WHAT THE TASK ASKS:
With the pictures left aside, write out exactly the lines of the listing below from the line with "Attēlu rezultāti vaicājumam" to the line with "Bärghuus Axalp (Axalp)", both included, and only those.

MATERIAL PROVIDED:

╔══

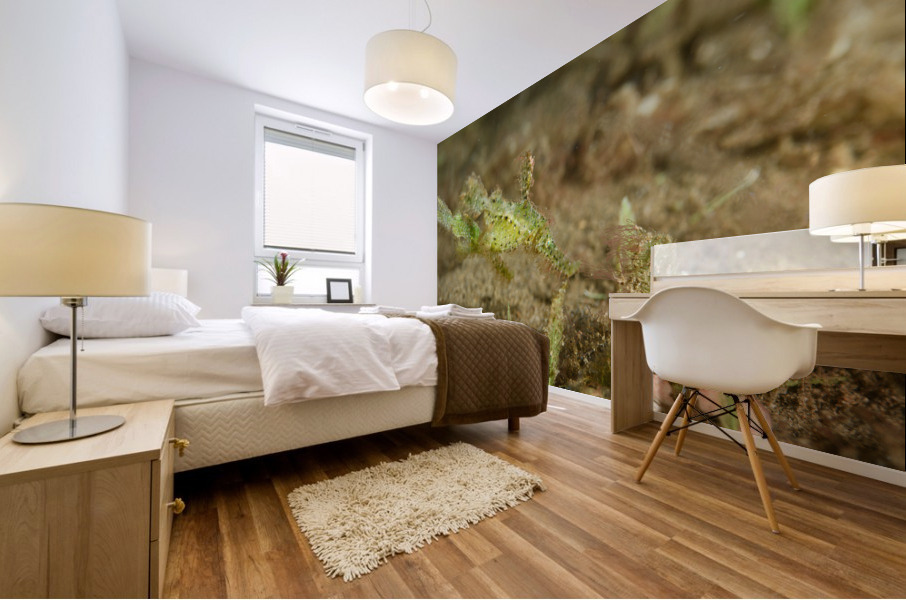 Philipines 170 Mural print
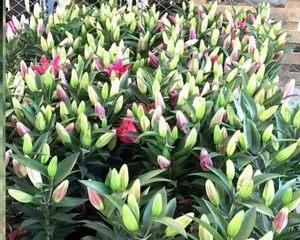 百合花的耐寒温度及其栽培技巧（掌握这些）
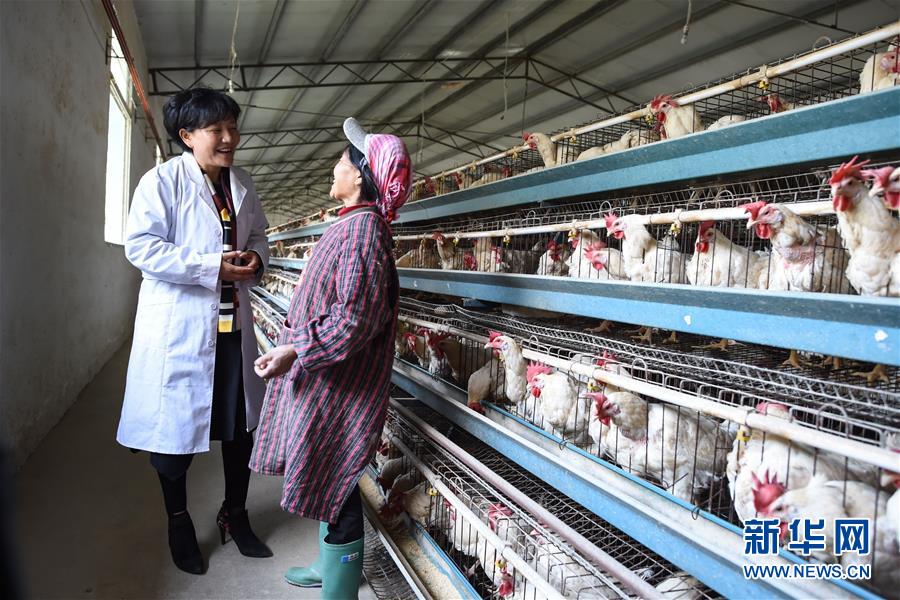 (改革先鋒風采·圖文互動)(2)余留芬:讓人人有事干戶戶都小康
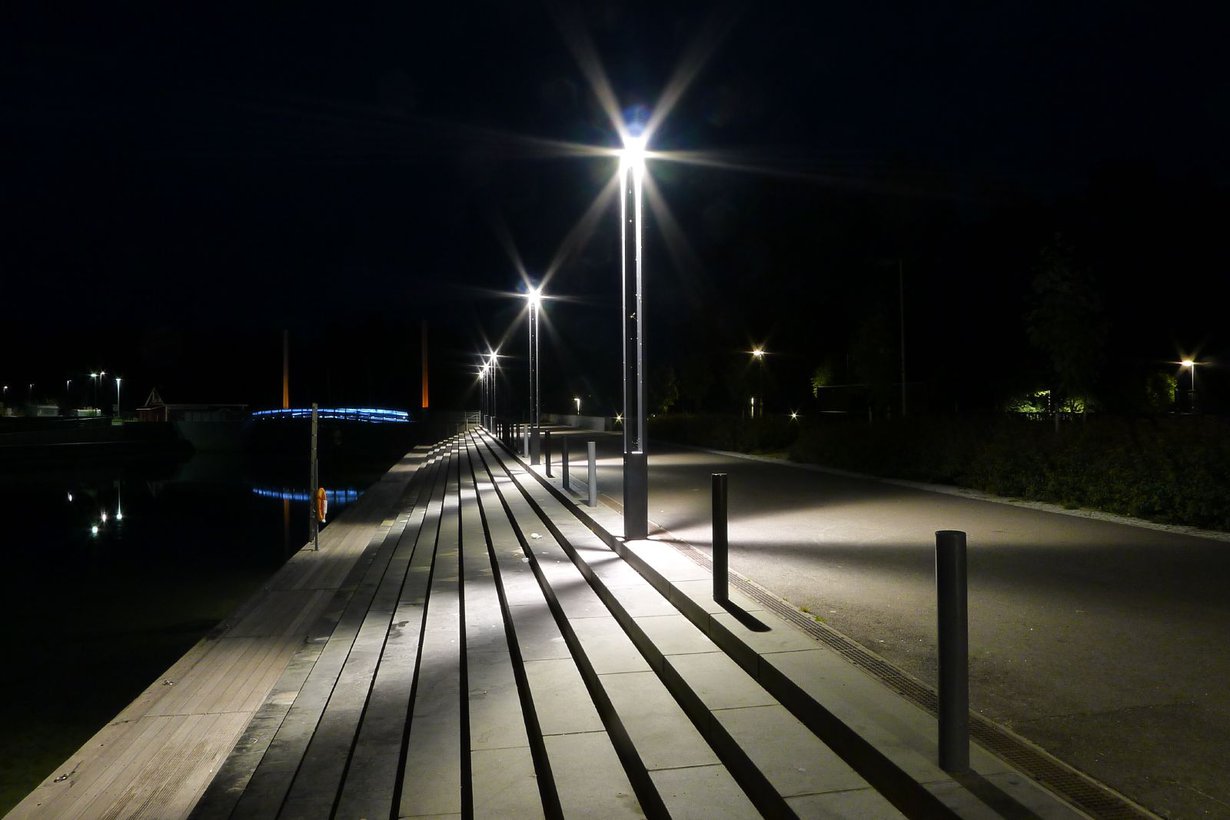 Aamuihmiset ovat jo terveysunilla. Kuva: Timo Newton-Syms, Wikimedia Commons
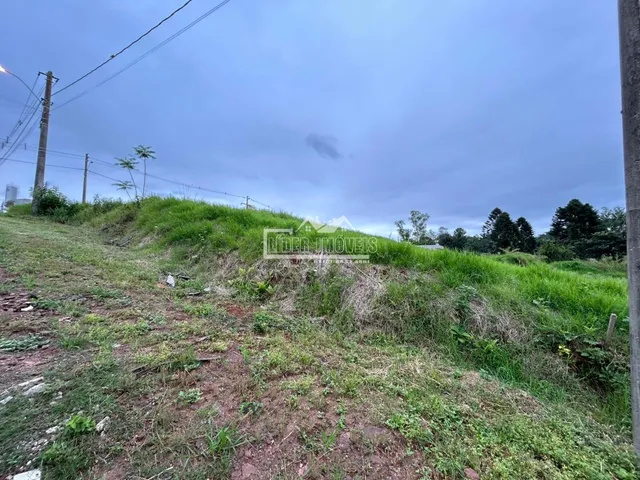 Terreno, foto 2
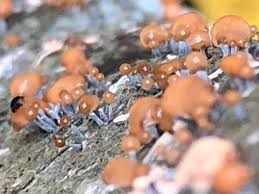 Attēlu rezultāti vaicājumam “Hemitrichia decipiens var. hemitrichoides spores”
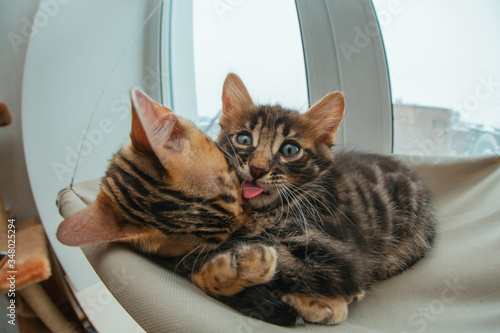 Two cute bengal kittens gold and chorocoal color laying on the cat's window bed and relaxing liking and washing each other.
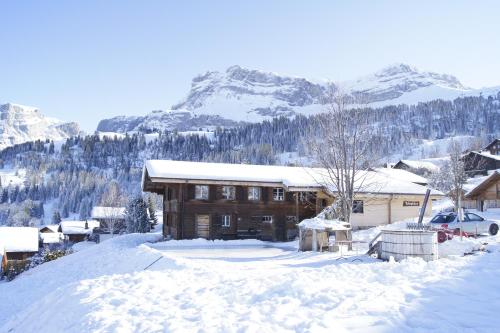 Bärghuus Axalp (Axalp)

╚══
╔══

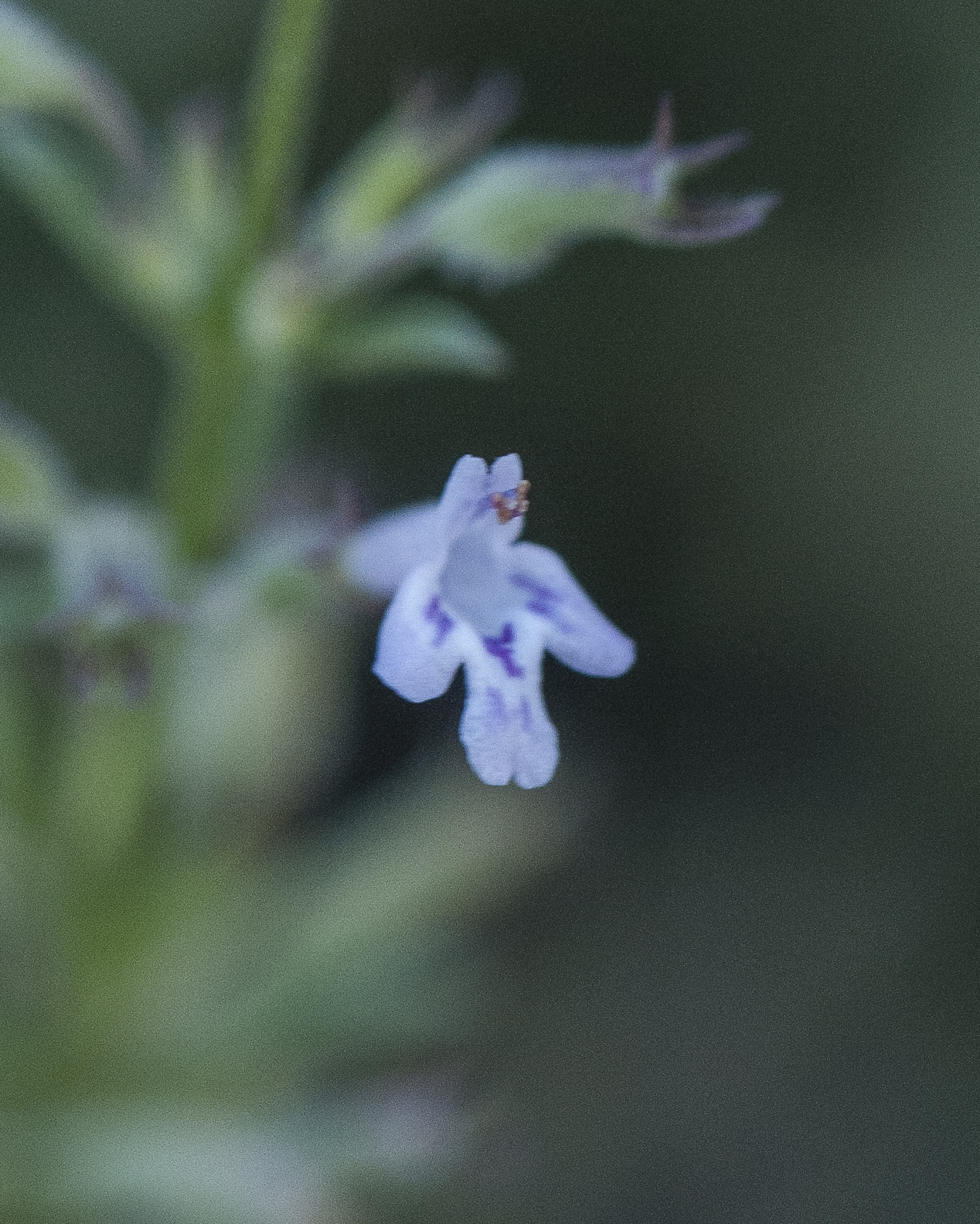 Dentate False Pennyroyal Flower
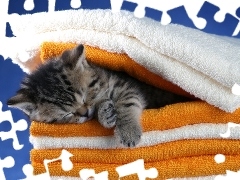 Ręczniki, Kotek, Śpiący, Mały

╚══

EXERCISE SOLUTION:
 Attēlu rezultāti vaicājumam “Hemitrichia decipiens var. hemitrichoides spores”
 Two cute bengal kittens gold and chorocoal color laying on the cat's window bed and relaxing liking and washing each other.
 Bärghuus Axalp (Axalp)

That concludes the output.